Discussion and interview questions

  1. Why is it insufficient for engineers to focus only on the technology? (Every system has consequences; ethical responsibility can't be offloaded onto a neutral tool.)
  2. How do predictive analytics differ ethically from forecasting weather or disease? (They make consequential, hard-to-appeal decisions about individuals.)
  3. Why can an algorithm trained on data still produce discriminatory output? (It learns and amplifies bias; proxies leak protected traits.)
  4. Who is accountable when an automated decision is wrong, and what does explainability require? (Humans must remain accountable; decisions must be explainable and appealable.)
  5. What is a self-reinforcing feedback loop, and how can systems thinking help? (Spirals like credit→joblessness; analyze the whole system including people.)
  6. When does behavioral tracking cross into surveillance? (When it serves advertisers via long-retained profiling rather than the user.)
  7. Why is "the user consented" often not meaningful consent? (Necessity unclear, no understanding, non-user data, asymmetric extraction, no real opt-out.)
  8. Explain privacy as a "decision right" rather than secrecy. (Freedom to choose what to reveal to whom; surveillance transfers that right to collectors.)
  9. Why is personal data described as a "toxic asset"? (Valuable but breach-prone, sold in bankruptcy, dangerous under future regimes.)
  10. Compare the information age to the Industrial Revolution. (Growth with pollution/labor abuses → regulation; data is the new pollution.)
  11. What is data minimization, and why does it clash with big data? (Collect only what's necessary vs maximize-and-explore.)
  12. What concrete steps can engineers and companies take to "do the right thing"? (Minimize and purge data, self-regulate, educate users, build for accountability and humanity.)

Key terms glossary

TermMeaning
Predictive analyticsUsing data to predict and decide about individuals
Algorithmic prisonSystematic algorithmic exclusion from society
Bias amplificationA model learning and magnifying bias in its data
Protected traitsAttributes anti-discrimination law shields (race, gender, etc.)
Proxy variableA feature correlated with a protected trait
AccountabilityBeing answerable for a decision and its errors
ExplainabilityAbility to explain how a decision was made
Feedback loopA self-reinforcing cycle of cause and effect
Echo chamberA loop showing users only agreeable content
Systems thinkingAnalyzing the whole system, people included
Behavioral dataData generated as a side effect of user activity
SurveillanceTracking that serves the collector over the user
ConsentPermission that must be freely given and informed
GDPRThe EU's General Data Protection Regulation
Legitimate interestA non-consent lawful basis for processing data
Network effectsA service's value rising with its user count
PrivacyThe decision right over what to reveal to whom
Privacy settingsControls over what other users can see
Data exhaustDismissive term for behavioral byproduct data
Data brokerA firm that buys, aggregates, and resells personal data
Toxic asset / hazardous materialData framed as valuable but dangerous to hold
Data minimizationCollecting and retaining only what's necessary
Self-regulationIndustry restraint beyond legal requirement
Tragedy of the commonsShared resource destroyed by unchecked self-interest

Connections across the book (where these themes were touched)

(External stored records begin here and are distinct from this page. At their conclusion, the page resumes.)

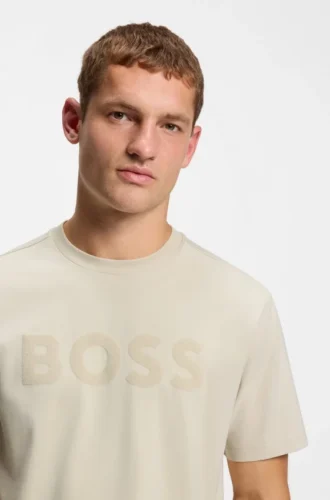 Tonal-logo T-shirt in stretch cotton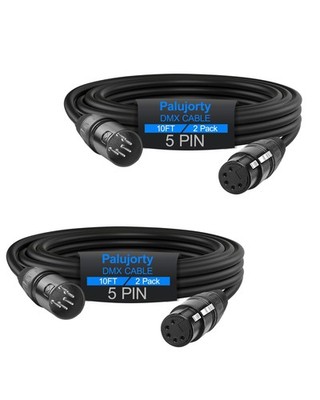 Palujorty 10FT 5 Pin DMX Cable 2 Pack with 3 Conductors for Stage Lighting &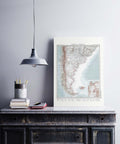 1925 Patagonia restored vintage topographic map reprinted on fine art paper. VizCart from VizArt.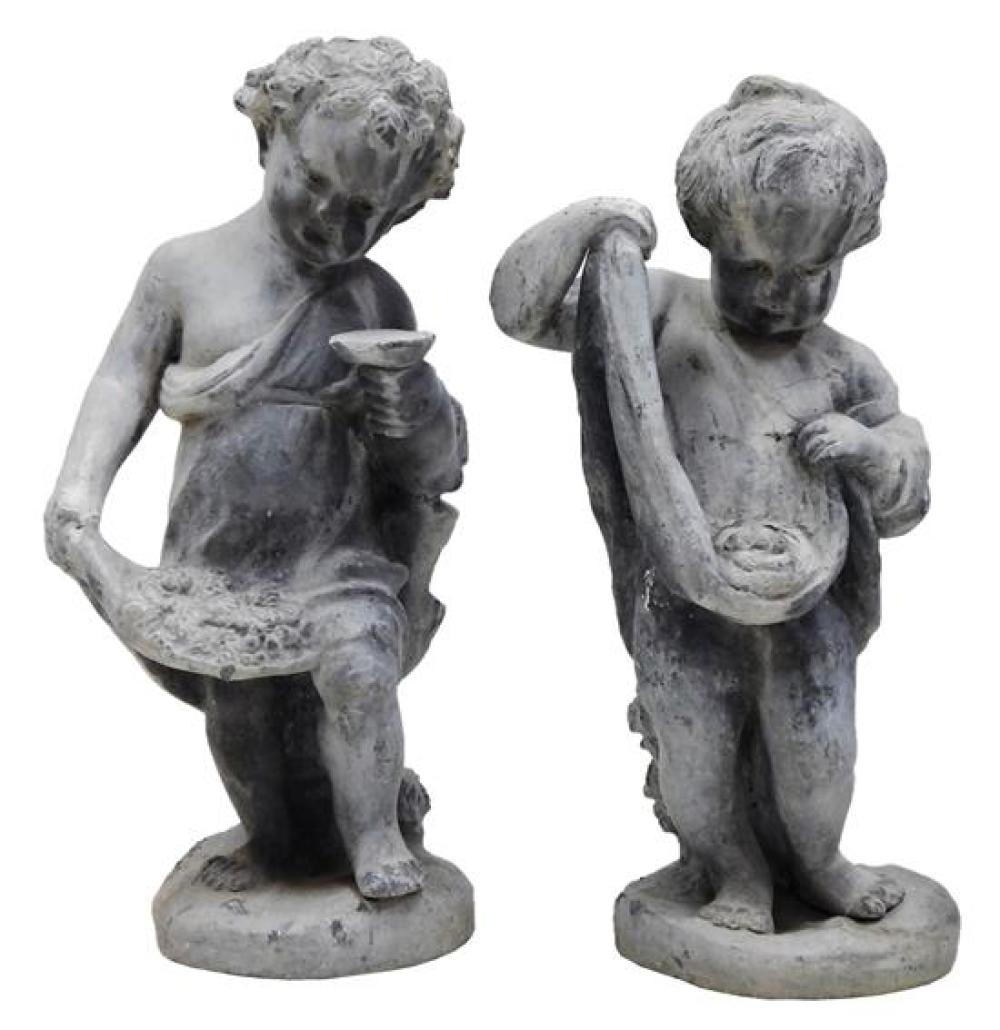 PAIR OF FIGURAL LEAD SCULPTURES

  • Balancing business needs with user needs; analytical vs operational systems → Chapter 1
  • Reliability, scalability, maintainability as the engineering goals this chapter scrutinizes → Chapter 2
  • Derived datasets combining whole-user-base data (hard to consent to) → Chapter 13
  • GDPR deletion, crypto-shredding, the limits of immutability → Chapter 12
  • Event-log provenance and auditability as accountability tools → Chapter 13
  • Anonymization, k-anonymity, and the difficulty of truly deleting data → Chapters 4, 12

This is the final chapter. The closing message: given the impact software and data have on the world, engineers carry a responsibility to work toward a world that treats people with humanity and respect.